» **DATASET RECORDS**
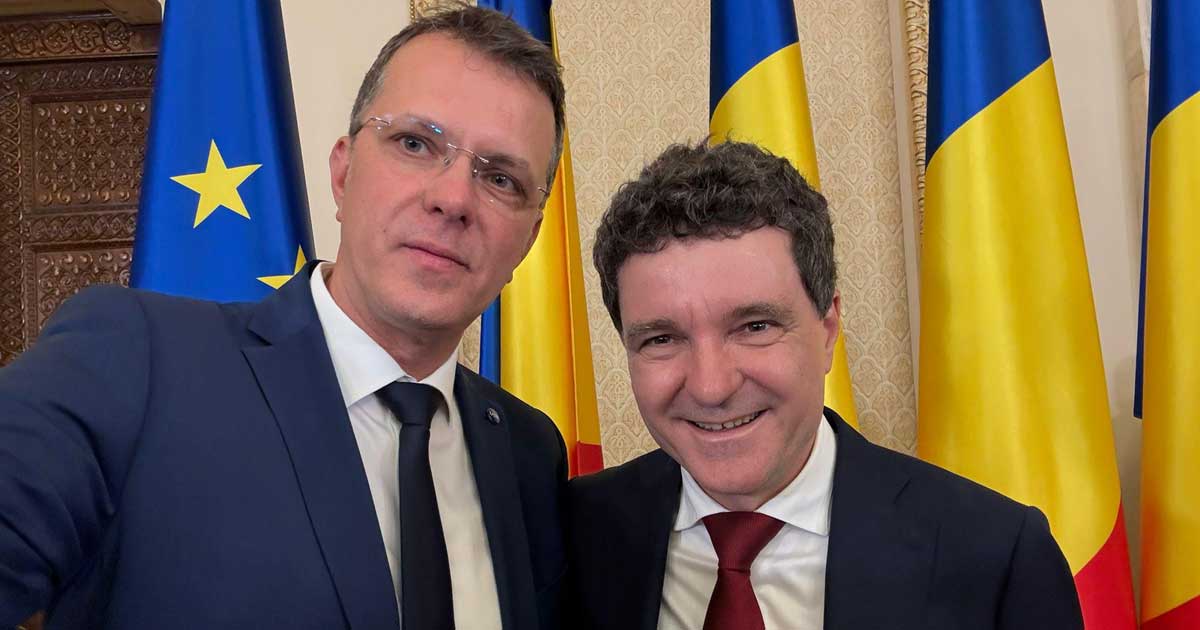 Ionuț Moșteanu anunță demisia din funcția de ministru al Apărării după scandalul CV-ului falsificat, noiembrie 2025
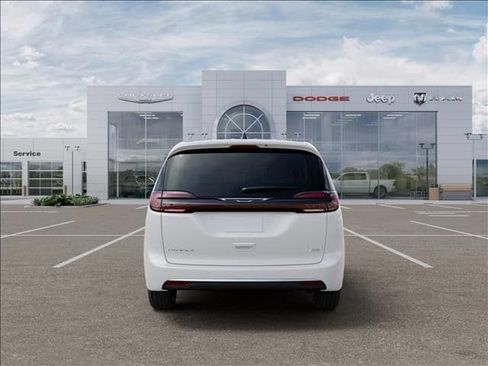 New 2027 Chrysler Pacifica Select w/ Family Tech Group AWD/4WD image 7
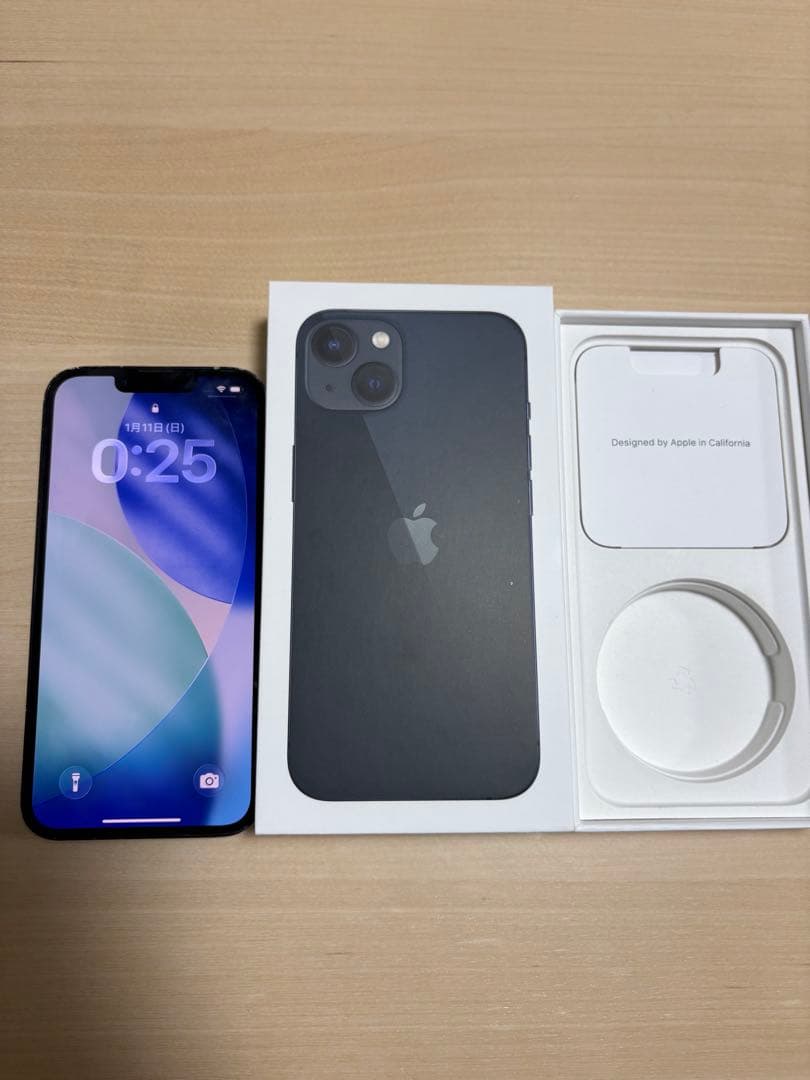 Apple iPhone 13 ミッドナイト本体バッテリー残量83% 箱付き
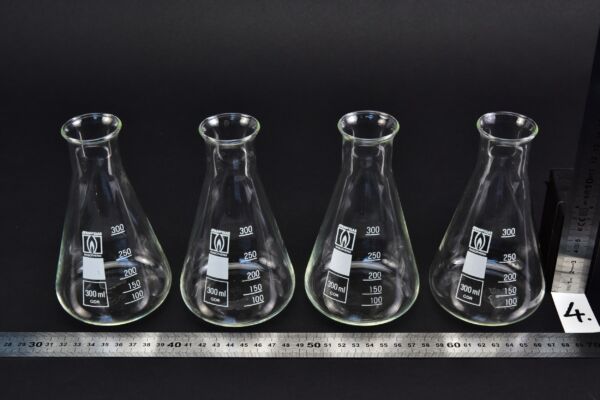 Set of 4 JENA GLAS RASOTHERM narrow-neck Erlenmeyer / conical flasks, 300 ml – No. 4 Set of 4 JENA GLAS RASOTHERM narrow-neck Erlenmeyer / conical flasks, 300 ml – No. 4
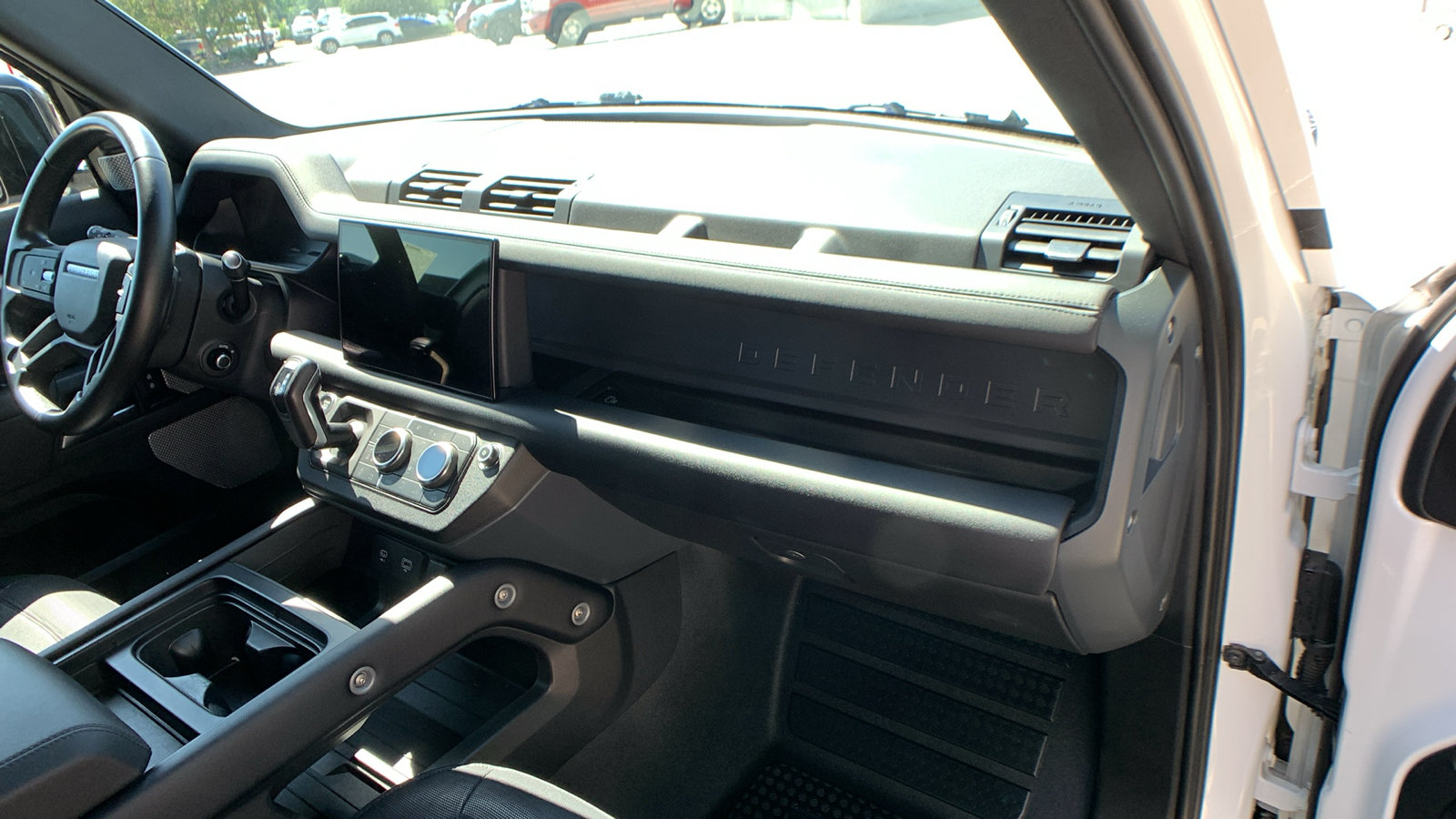 Used 2024 Land Rover Defender 130 X-Dynamic SE AWD/4WD image 34
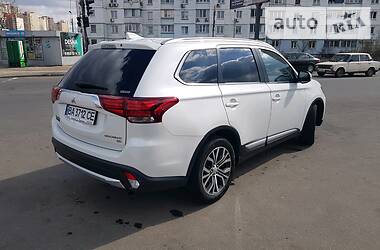 Позашляховик / Кросовер Mitsubishi Outlander 2016 в 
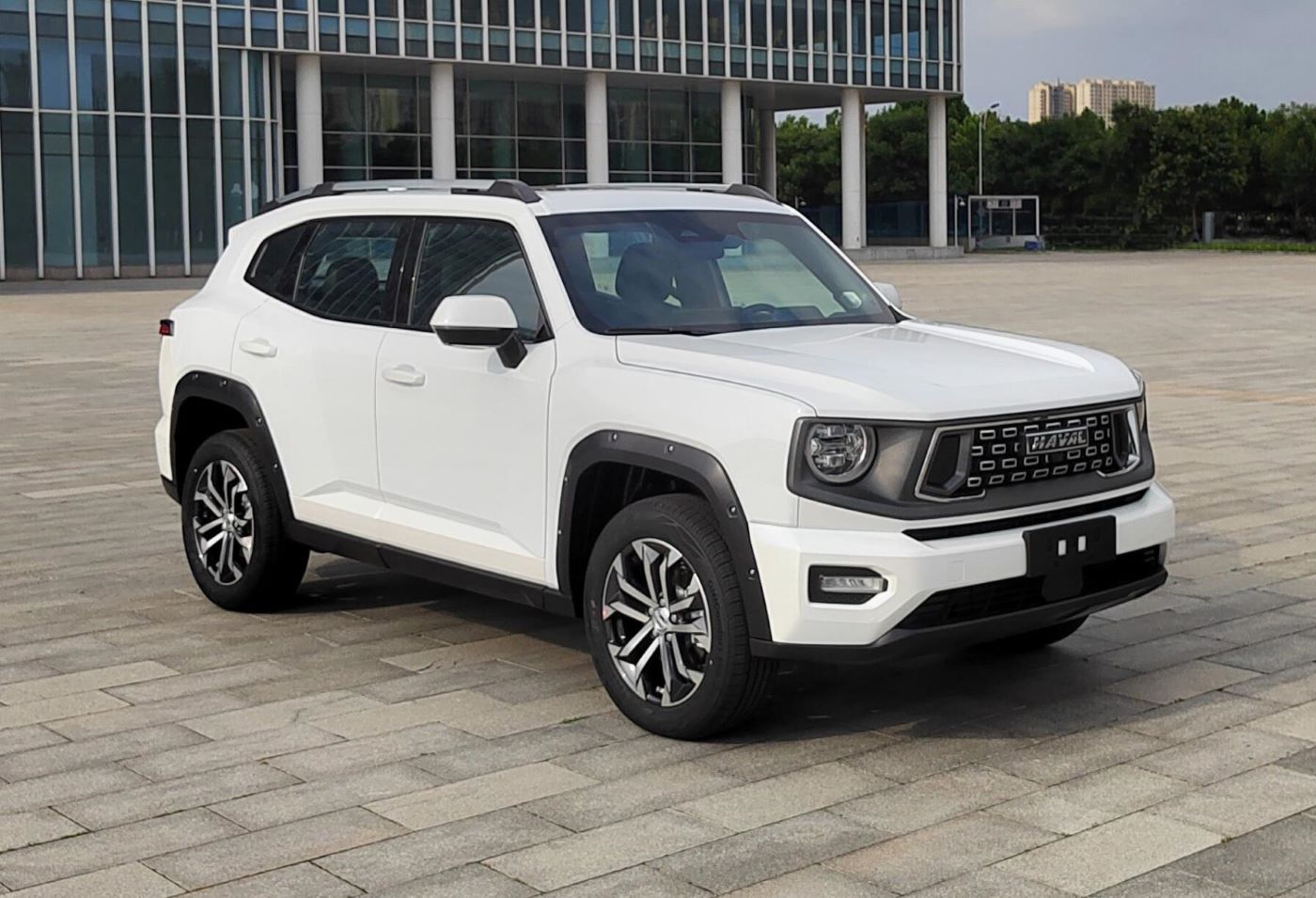 哈弗牌4.7米5座多用途乘用车(CC6470CF00A)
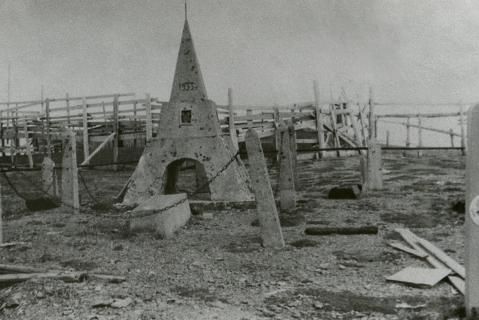 Фотография 1991 года. Источник: Архив Ненецкого окружного краеведческого музея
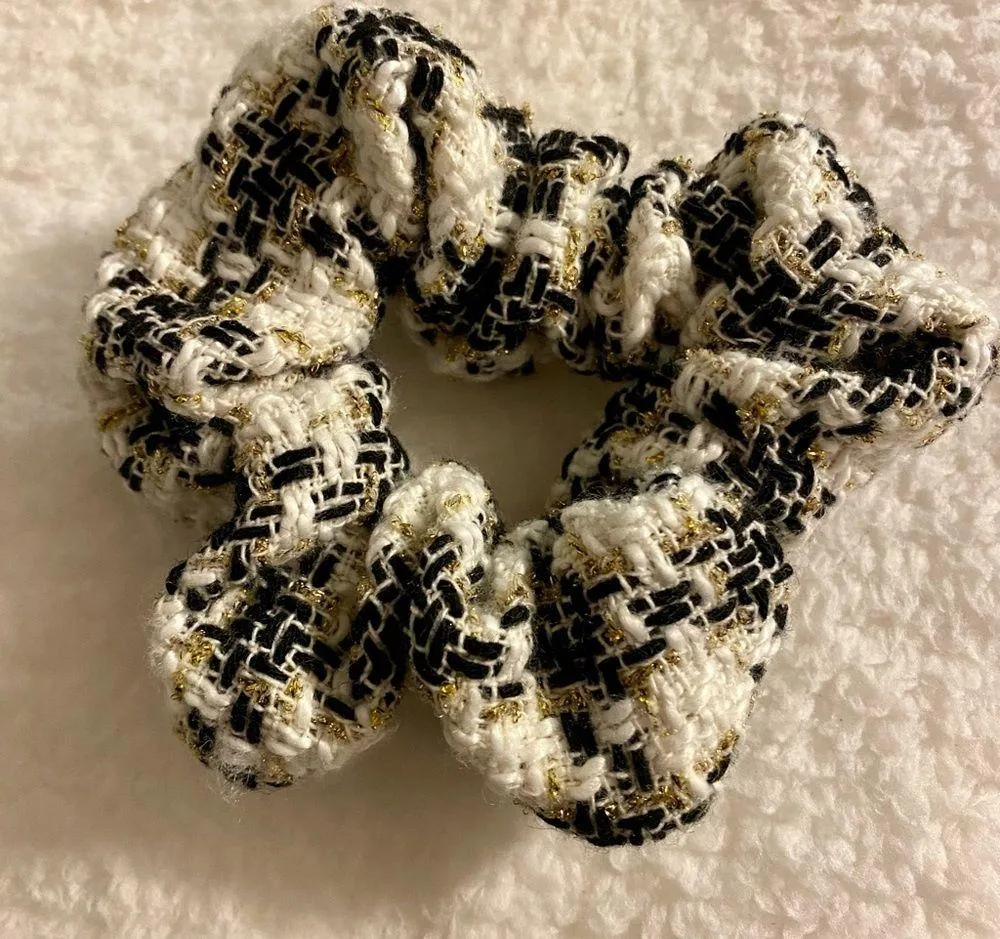 Scrunchies Black - Image 3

» **INSTRUCTIONS TO FOLLOW**
Exactly as they stand, set down all of the entries above, minus every picture.

» **TASK OUTPUT**
 Ionuț Moșteanu anunță demisia din funcția de ministru al Apărării după scandalul CV-ului falsificat, noiembrie 2025
 New 2027 Chrysler Pacifica Select w/ Family Tech Group AWD/4WD image 7
 Apple iPhone 13 ミッドナイト本体バッテリー残量83% 箱付き
 Set of 4 JENA GLAS RASOTHERM narrow-neck Erlenmeyer / conical flasks, 300 ml – No. 4 Set of 4 JENA GLAS RASOTHERM narrow-neck Erlenmeyer / conical flasks, 300 ml – No. 4
 Used 2024 Land Rover Defender 130 X-Dynamic SE AWD/4WD image 34
 Позашляховик / Кросовер Mitsubishi Outlander 2016 в 
 哈弗牌4.7米5座多用途乘用车(CC6470CF00A)
 Фотография 1991 года. Источник: Архив Ненецкого окружного краеведческого музея
 Scrunchies Black - Image 3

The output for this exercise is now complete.